DATA SUPPLIED =>
- Opening Delimiter -

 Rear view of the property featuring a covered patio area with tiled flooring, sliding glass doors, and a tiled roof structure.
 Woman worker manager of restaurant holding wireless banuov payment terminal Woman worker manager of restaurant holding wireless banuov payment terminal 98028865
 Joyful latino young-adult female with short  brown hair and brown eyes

- Closing Delimiter -
- Opening Delimiter -

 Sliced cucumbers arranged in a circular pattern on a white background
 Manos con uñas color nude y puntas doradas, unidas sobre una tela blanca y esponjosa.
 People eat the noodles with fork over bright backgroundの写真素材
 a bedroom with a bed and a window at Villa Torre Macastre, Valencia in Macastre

- Closing Delimiter -

GOAL OF THE EXERCISE => Look above for the line holding "Rear view of" and the line holding "Joyful latino young-adult". Retype both, and every line between them, word for word and nothing else.

RESPONSE TO THE TASK =>
 Rear view of the property featuring a covered patio area with tiled flooring, sliding glass doors, and a tiled roof structure.
 Woman worker manager of restaurant holding wireless banuov payment terminal Woman worker manager of restaurant holding wireless banuov payment terminal 98028865
 Joyful latino young-adult female with short  brown hair and brown eyes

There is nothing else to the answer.